É importante ressaltar que não se pode adotar a mesma perspectiva para contratos
paritários e para contratos de consumo. Os primeiros são regidos pelo Código Civil e
a legislação específica, sem amparo, em princípio, nas disposições do Código de
Consumidor, uma vez que é presumida a liberdade das partes em condições de
igualdade negocial.
De qualquer modo, qualquer caminho para que se encontre uma solução negocial
deve passar pela análise do caso concreto, tornando-se indispensável a análise de
cada relação contratual com vista à constatação da causa de tal ocorrência. Ou seja,
os contratos não foram atingidos da mesma forma pela pandemia do coronavírus e
não se deve deixar de considerar a excepcionalidade da situação e os efeitos
concretos em cada relação negocial.
A força maior ou caso fortuito tem importância como causa que exime da
responsabilidade o devedor frente ao incumprimento de suas obrigações contratuais.
O caso fortuito exime-se de responsabilidade também, frente a casos de
responsabilidade objetiva, nos quais nem sequer o atuar diligente do devedor lhe
serve como justificação; pelo que se constitui como limite frente à responsabilidade
pelo incumprimento. Isso significa que a possibilidade do devedor ser acobertado por
esta causa seja limitada, devendo cumprir requisitos estritos; caso contrário, estar-se-
ia afetando ao núcleo mesmo da noção de pacta sunt servanda, e a boa-fé contratual
(FARIAS; ROSENVALD, 2020).
Até onde pode chegar a autonomia das partes em sede contratual, no que respeita à
regulação do caso fortuito? Entende-se que as faculdades são amplas; por exemplo,
que as partes pactuem que uma delas assuma unilateralmente os efeitos do
imprevisto; que podem ser agravatórias, ou restritivas, atenuarem ou eximirem da
responsabilidade o devedor como parte do pacto prévio.
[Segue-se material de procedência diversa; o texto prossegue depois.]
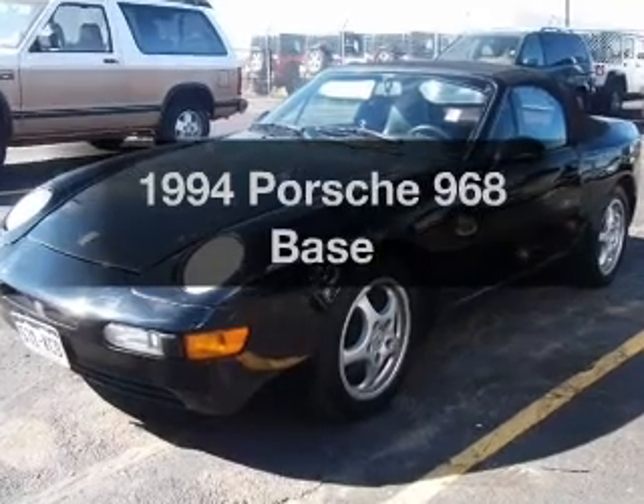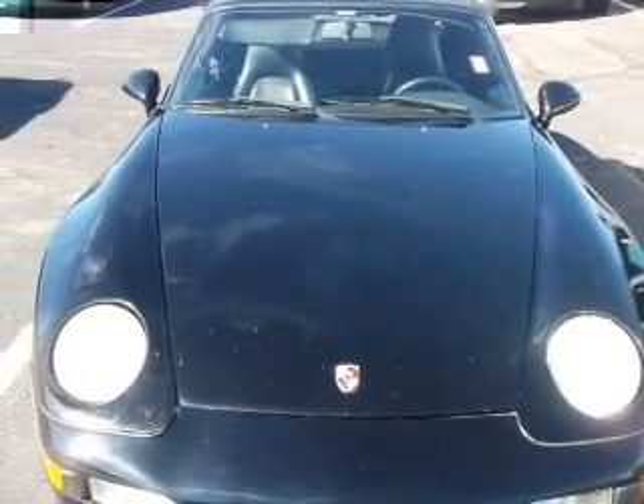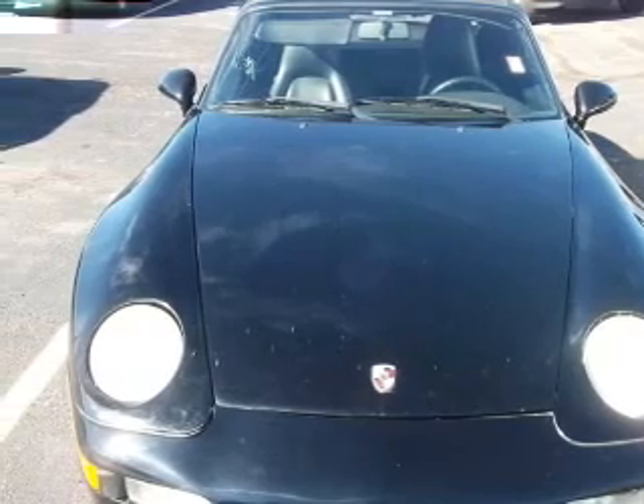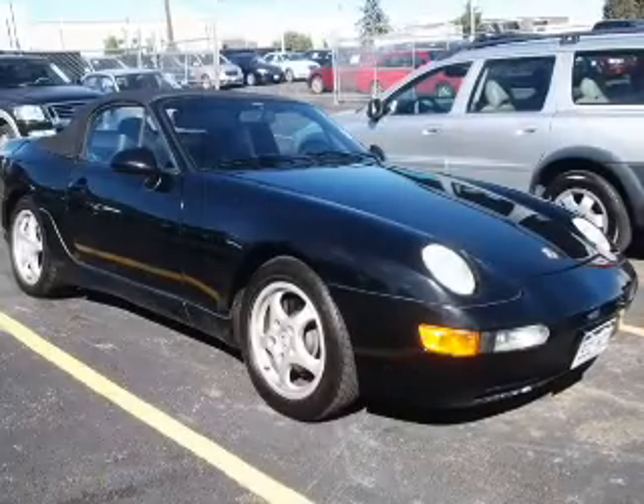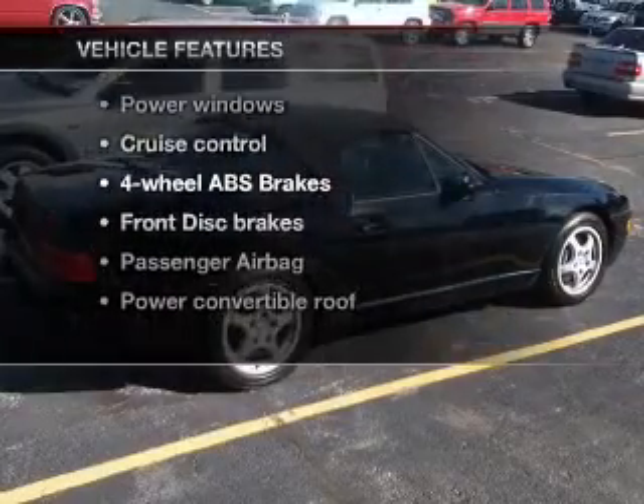Travel the roads in style and comfort in this great vehicle. With an efficient four-cylinder engine that gives you more control with its manual transmission, the anti-lock braking system will keep you safe on the road. Plus, enjoy these notable features that are included in this vehicle.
No caso de que nada se tenha pactuado pelas partes, opera-se o regime geral do art.
393 do Código Civil: “Art. 393. O devedor não responde pelos prejuízos resultantes de
caso fortuito ou força maior, se expressamente não se houver por eles
responsabilizado” (BRASIL, 2002). Neste regime geral podem ser identificadas duas
funções do caso fortuito no âmbito contratual; em primeiro lugar, eximir do pagamento
de indenização de prejuízos pelo incumprimento o devedor, função que também é
aplicável no âmbito extracontratual e afeta à responsabilidade; e, em segundo lugar,
extinguir uma obrigação, se o caso fortuito ou força maior é definitivo, ou permitir ao
devedor a suspensão no cumprimento da obrigação, se o fato que suscita o caso
fortuito ou força maior é temporário (DINIZ, 2020).
São requisitos para considerar um fato como caso fortuito: primeiro, a externalidade,
quer dizer, que não haja sido a conduta do devedor a que haja provocado o fato que
se pretende apresentar como caso fortuito. O fato deve ser externo ao devedor e essa
externalidade pode ser medida a partir do distanciamento do mesmo respeito do
alcance de suas obrigações (FARIAS; ROSENVALD, 2020).
Existem registros de pandemias com influência global a cada certo tempo como o
SARS em 2003, MERS em 2014, ambas com expansão global e características
nocivas; entretanto, um fenômeno como o atual que obrigue ao isolamento domiciliar
de grandes grupos humanos e paralise a vida econômica de cidades inteiras,
provavelmente só se assemelha a outros ocorridos faz mais de cinquenta ou cem anos
como a gripe espanhola ou a gripe de Hong Kong; por outro lado, contribui também
para sua categorização como caso fortuito o desconhecimento generalizado sobre
suas características, porquanto apenas se tem uma aproximação geral a respeito de
seus sintomas e sequelas. Pelo assinalado se pode sustentar a qualificação da
pandemia de COVID-19 e seus efeitos como imprevisíveis, pelo menos para os
contratos vigentes antes que a emissão dos atos de autoridade ou prévios ao
momento em que se podia determinar a iminente chegada do vírus ao país, ainda que,
provavelmente, a imprevisibilidade já não seja um elemento facilmente apreciável
agora que transcorreram alguns meses (BERGER; BEHN, 2020).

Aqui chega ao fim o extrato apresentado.